Your instructions |
Each entry should be set down again verbatim, with the images omitted.
Start of Block
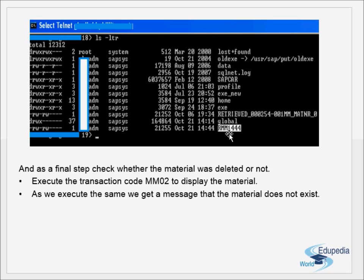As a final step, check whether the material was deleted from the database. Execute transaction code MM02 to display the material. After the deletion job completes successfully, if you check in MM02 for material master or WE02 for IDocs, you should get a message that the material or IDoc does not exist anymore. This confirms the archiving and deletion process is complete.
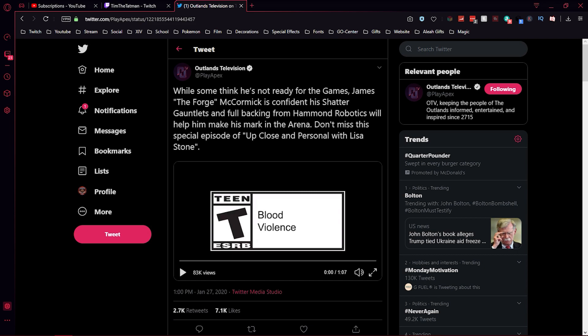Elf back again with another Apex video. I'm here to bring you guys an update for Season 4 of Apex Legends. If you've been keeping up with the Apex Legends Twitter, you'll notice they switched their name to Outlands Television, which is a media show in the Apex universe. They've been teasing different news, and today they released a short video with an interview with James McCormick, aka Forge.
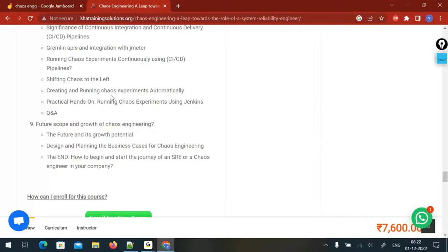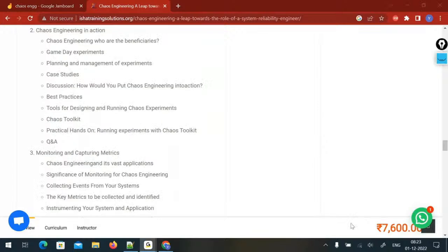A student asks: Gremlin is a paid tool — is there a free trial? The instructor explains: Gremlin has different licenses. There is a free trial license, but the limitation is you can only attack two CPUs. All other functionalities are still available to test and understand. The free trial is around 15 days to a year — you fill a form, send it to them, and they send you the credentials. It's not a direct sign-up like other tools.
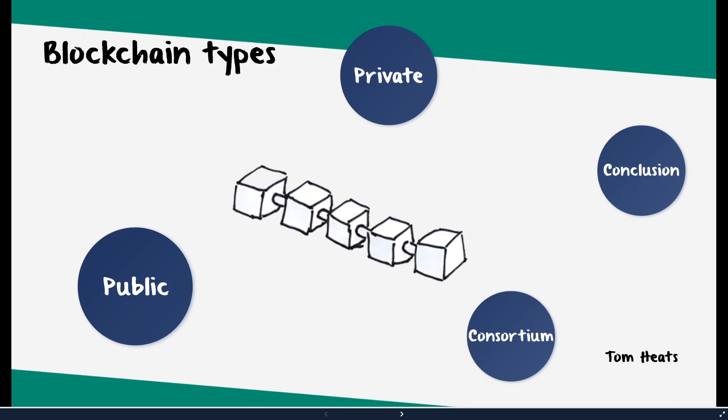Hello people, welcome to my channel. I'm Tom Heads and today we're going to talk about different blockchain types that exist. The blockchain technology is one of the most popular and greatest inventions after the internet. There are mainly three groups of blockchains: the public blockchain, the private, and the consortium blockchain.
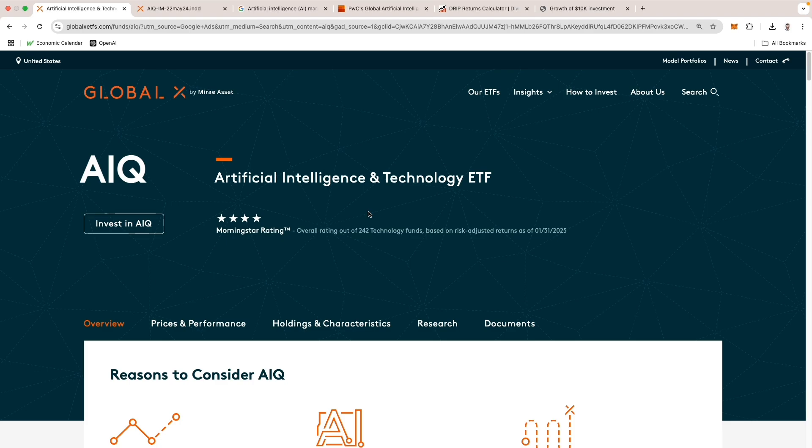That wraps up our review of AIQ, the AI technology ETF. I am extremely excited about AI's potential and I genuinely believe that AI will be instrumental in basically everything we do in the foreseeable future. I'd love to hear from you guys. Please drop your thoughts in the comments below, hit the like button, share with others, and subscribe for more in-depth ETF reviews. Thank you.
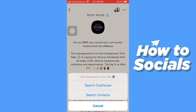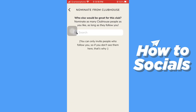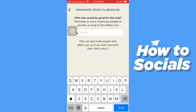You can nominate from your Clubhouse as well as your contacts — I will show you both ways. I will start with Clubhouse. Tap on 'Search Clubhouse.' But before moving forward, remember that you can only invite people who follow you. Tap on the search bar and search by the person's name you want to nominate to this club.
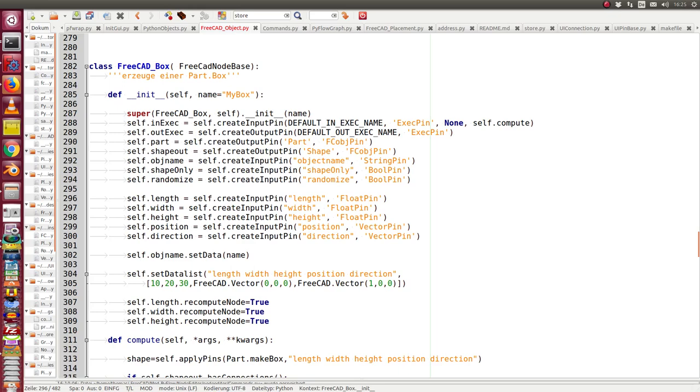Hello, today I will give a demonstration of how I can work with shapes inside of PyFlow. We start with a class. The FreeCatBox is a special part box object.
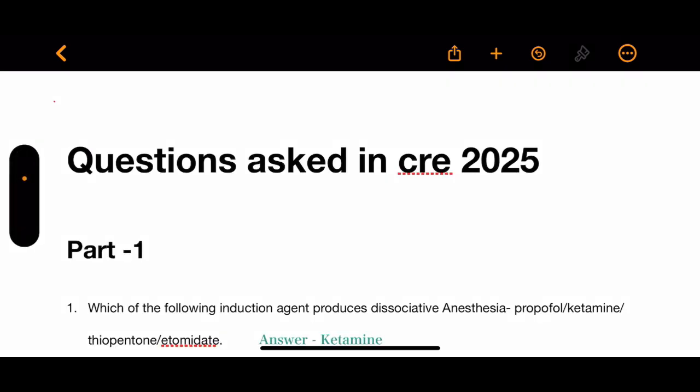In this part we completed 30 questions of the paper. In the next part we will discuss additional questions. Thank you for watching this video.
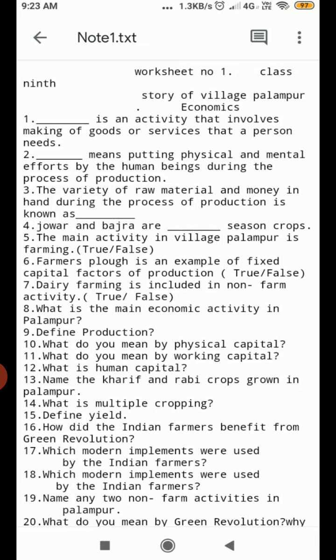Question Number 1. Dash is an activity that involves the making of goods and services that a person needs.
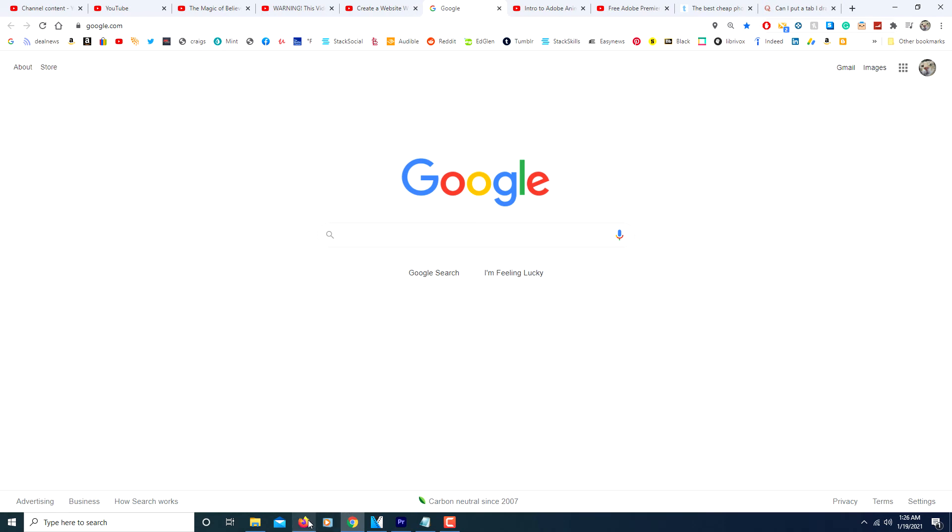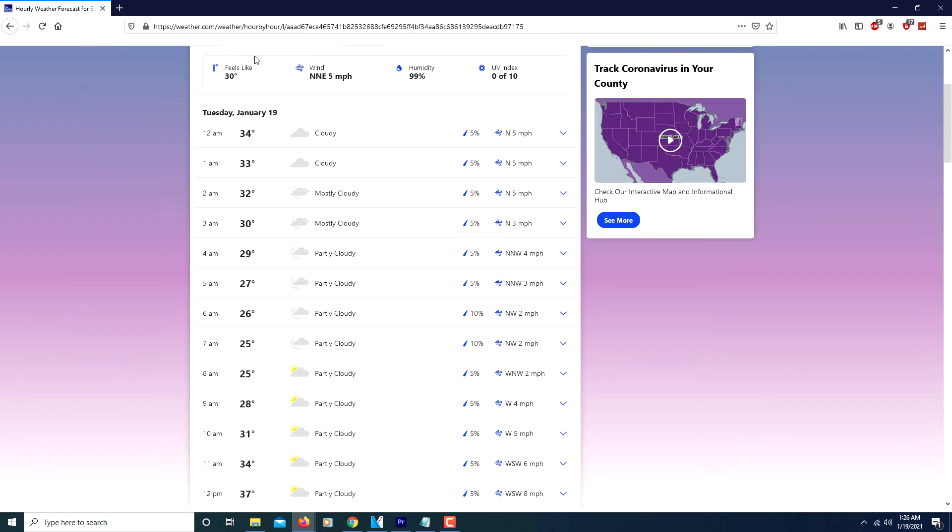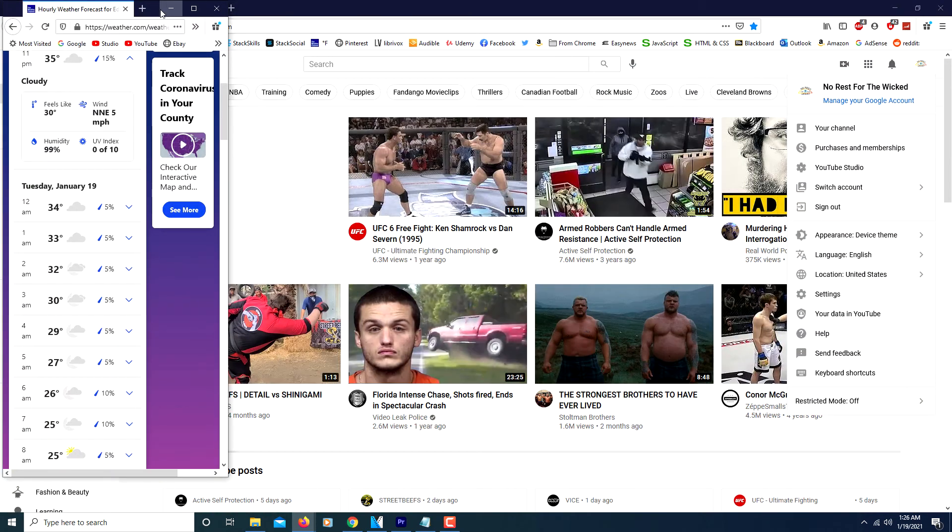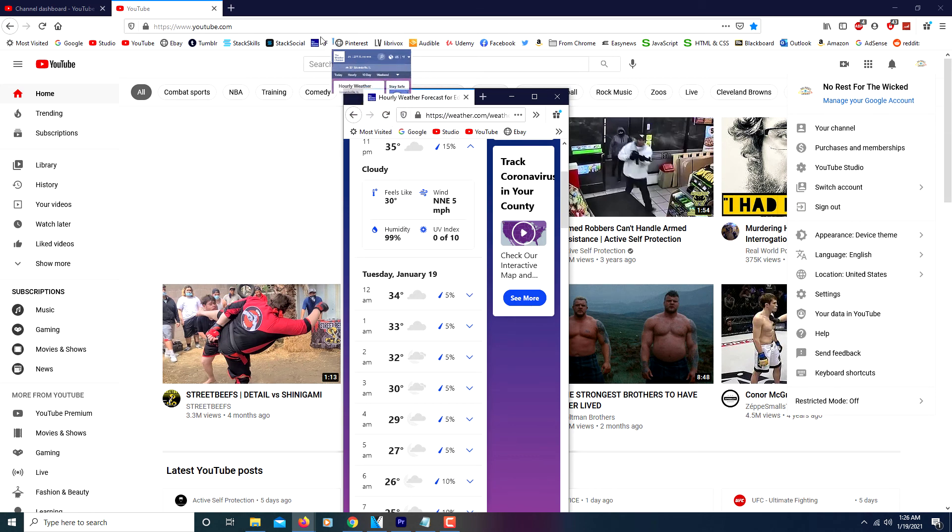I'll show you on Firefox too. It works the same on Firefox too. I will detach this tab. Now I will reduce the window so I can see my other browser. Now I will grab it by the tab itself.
End of Block
Reply |
As a final step, check whether the material was deleted from the database. Execute transaction code MM02 to display the material. After the deletion job completes successfully, if you check in MM02 for material master or WE02 for IDocs, you should get a message that the material or IDoc does not exist anymore. This confirms the archiving and deletion process is complete.
Elf back again with another Apex video. I'm here to bring you guys an update for Season 4 of Apex Legends. If you've been keeping up with the Apex Legends Twitter, you'll notice they switched their name to Outlands Television, which is a media show in the Apex universe. They've been teasing different news, and today they released a short video with an interview with James McCormick, aka Forge.
A student asks: Gremlin is a paid tool — is there a free trial? The instructor explains: Gremlin has different licenses. There is a free trial license, but the limitation is you can only attack two CPUs. All other functionalities are still available to test and understand. The free trial is around 15 days to a year — you fill a form, send it to them, and they send you the credentials. It's not a direct sign-up like other tools.
Hello people, welcome to my channel. I'm Tom Heads and today we're going to talk about different blockchain types that exist. The blockchain technology is one of the most popular and greatest inventions after the internet. There are mainly three groups of blockchains: the public blockchain, the private, and the consortium blockchain.
That wraps up our review of AIQ, the AI technology ETF. I am extremely excited about AI's potential and I genuinely believe that AI will be instrumental in basically everything we do in the foreseeable future. I'd love to hear from you guys. Please drop your thoughts in the comments below, hit the like button, share with others, and subscribe for more in-depth ETF reviews. Thank you.
You can nominate from your Clubhouse as well as your contacts — I will show you both ways. I will start with Clubhouse. Tap on 'Search Clubhouse.' But before moving forward, remember that you can only invite people who follow you. Tap on the search bar and search by the person's name you want to nominate to this club.
Hello, today I will give a demonstration of how I can work with shapes inside of PyFlow. We start with a class. The FreeCatBox is a special part box object.
In this part we completed 30 questions of the paper. In the next part we will discuss additional questions. Thank you for watching this video.
Question Number 1. Dash is an activity that involves the making of goods and services that a person needs.
I'll show you on Firefox too. It works the same on Firefox too. I will detach this tab. Now I will reduce the window so I can see my other browser. Now I will grab it by the tab itself.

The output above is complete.